Arménie, solaire, or et rouille aux branches d’octobre, les vieilles Lada nous frôlent et ronronnent, au loin se dessinent les lignes oniriques et brumeuses du Mont Arafat, symbole aussi majestueux que douloureusement amer puisque sur le territoire turc depuis 1921.

L’inimitié soudaine du ciel qui pâlit, gronde et déverse sur nos corps transis ses litres de flotte nous vaut la bienveillance des âmes que l’on croisent : pour que l’on tienne le coup, elles glissent tour à tour dans nos sacoches des kilos de pommes, de lavash (immenses galettes cuites au four à bois), de fruits séchées et de noix, du miel, des patates, des oignons et de la vodka.

Malgré ces vivres et notre bel élan, bientôt il ne fait plus bon avancer : tempêtes sombres et pluie glacée, on attend deux jours sur les terres d’un berger indulgent, qui nous abrite dans sa cabane bricolée la nuit où les rafales arrachent presque notre tente.

Scènes singulières de ces jours arméniens :

– l’alternance des voix cristallines de jeunes nonnes et de la grave mélopée des prêtres lors d’une messe bouleversante, rituel presque étranger d’une énigmatique beauté, sous le rayon du lumière oblique et les volutes de fumée.

– au coude plié d’un virage grimpant, quelques notes festives, tout en cordes et en voix, puis projeté en ombres fines sur la plaine vaste, un funambule avance perché sur une bicyclette, dont l’armature délicate prolongeant son corps fuselé semble presque flotter.
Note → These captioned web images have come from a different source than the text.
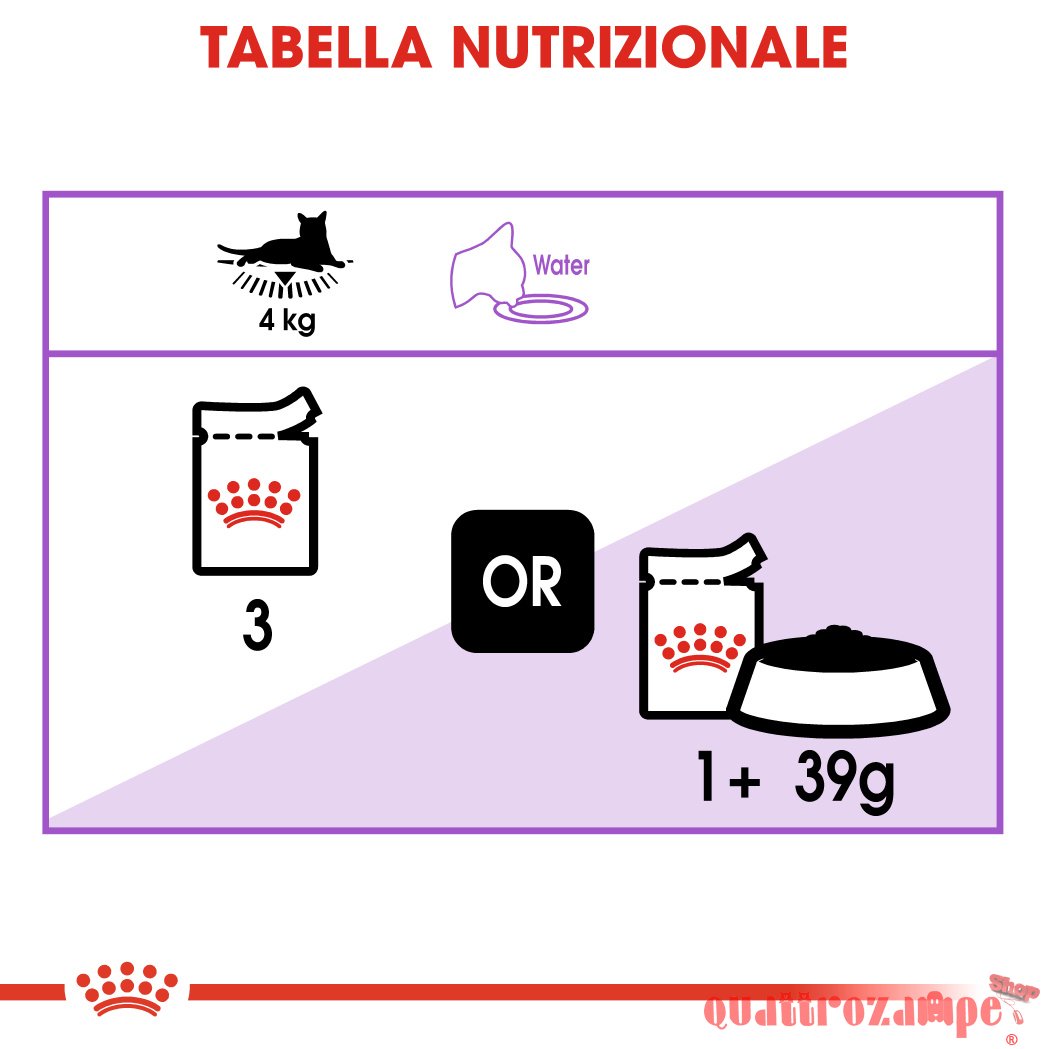 Royal Canin Sterilised Cibo Umido Per Gatti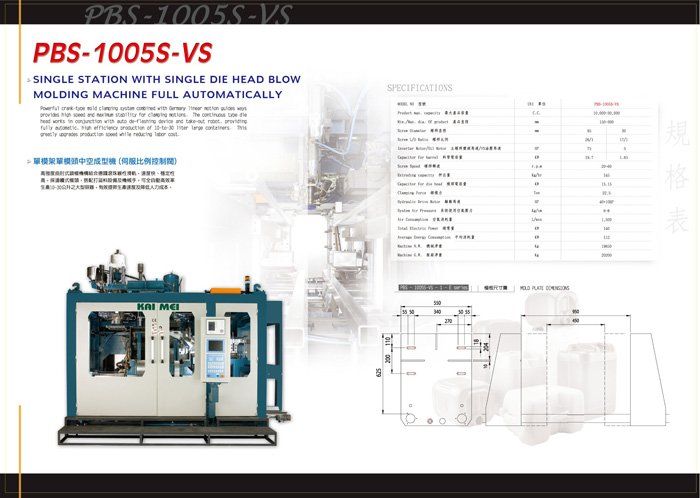 Special Design For 25l Jerry Can Automatic Production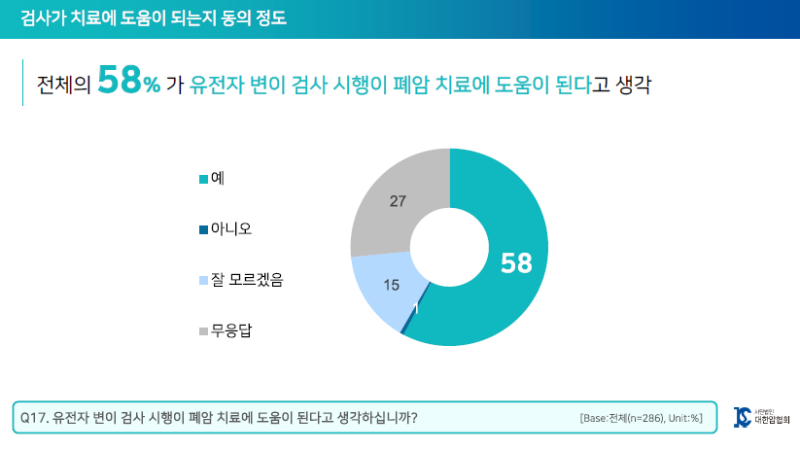 폐암 유전자 검사 자격 되는지 조회하는 법, 비흡연자도 꼭 봐야 하는 이유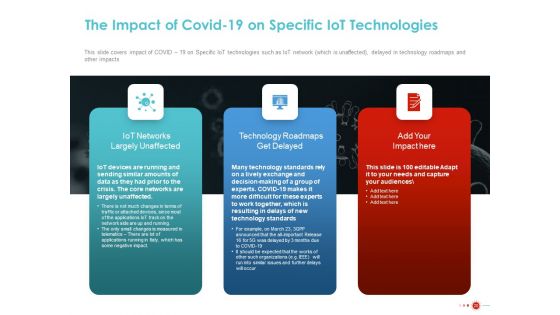 COVID 19 Mitigating Impact On High Tech Industry Ppt PowerPoint Presentation Complete Deck With Slides
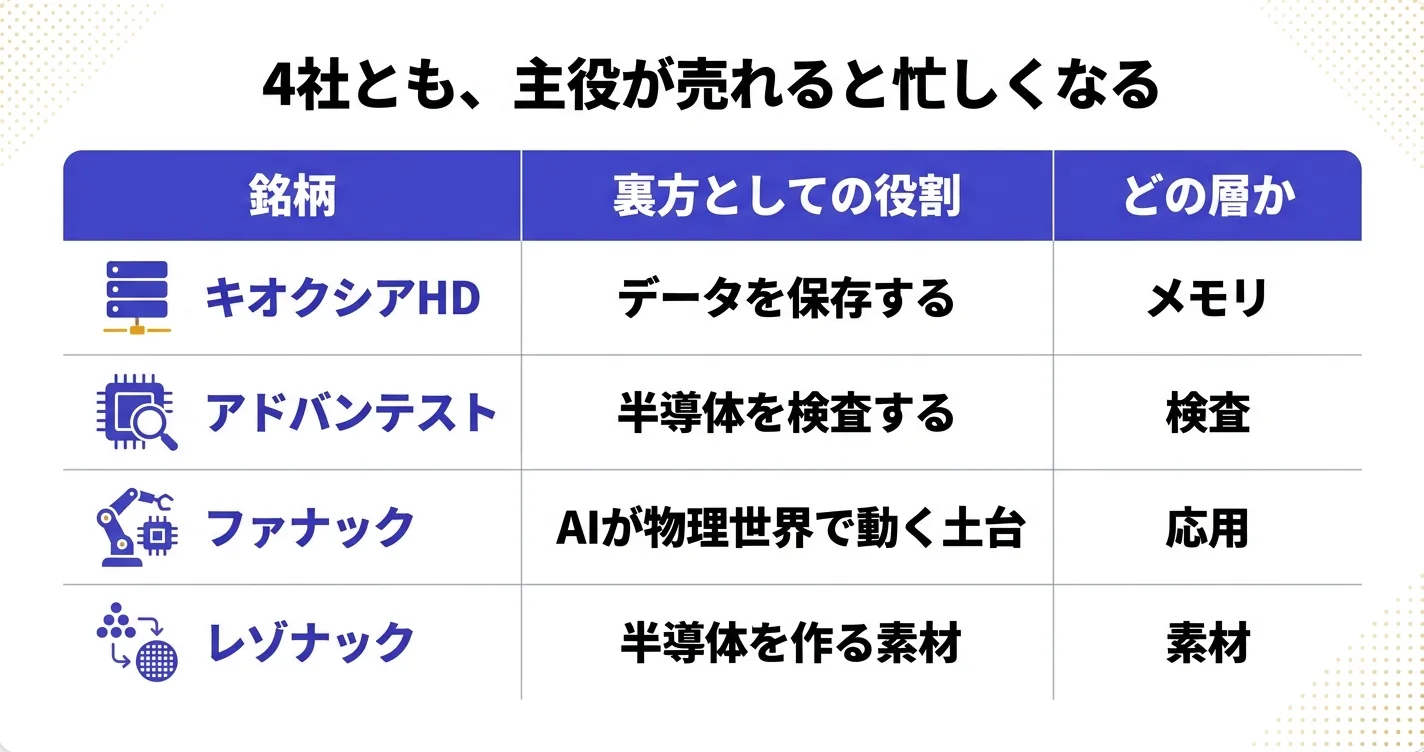 補完4銘柄がどの層の裏方かを示す比較表｜キオクシアHD・アドバンテスト・ファナック・レゾナック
Nous, bouche-bée : certains ont l’élégance de rouler sans bruit, suspendus à la voûte du ciel, et s’ils ne vont ainsi nulle part c’est une simple corde tendue qui scelle leur promesse d’équilibre.

– l’ombre et la lumière, elles et eux, sopranos, barytons, dans une cavité grandiose que l’on creusa jadis pour y laisser pénétrer une part de Dieu. La nature, le spirituel et ce que chantent les humains, alliance millénaire dans le gavit aux colonnes magistrales, qui fut autrefois un mausolée et qui abrite depuis des centaines d’années la singulière grâce des charakans, les chants religieux arméniens, auxquels désormais se juxtaposent le lyrisme de tous celleux qui viennent ouvrir la voix, regard mi-clos, dans ce lieu magique où nous perdons les mots.

– on nous offre deux fois des coquillettes épicées où surnagent des feuilles de chou pour le petit-déjeuner / dans les steppes nues, les seules toilettes où se cacher sont installées dans une carcasse de voiture amputée de ses portes (flottantes et rêches serpillères…) / Fred se fait embrasser sur la bouche par un vieil arménien qui l’appelle mon frère, aide à dépecer un lièvre et reprend les pas d’une danse traditionnelle / une dame introduit du miel dans le nez et de la vodka dans les oreilles d’Audrey pour la soigner d’un rhume qui persiste / pour fuir la pluie battante, on nous propose de camper au milieu l’immense cuisine d’une maison dont les occupants sont récemment décédés / une femme voûtée nous donne des tomates en sortant du supermarché « parce que vous avez sûrement oublié d’en acheter », drôle et discrète générosité.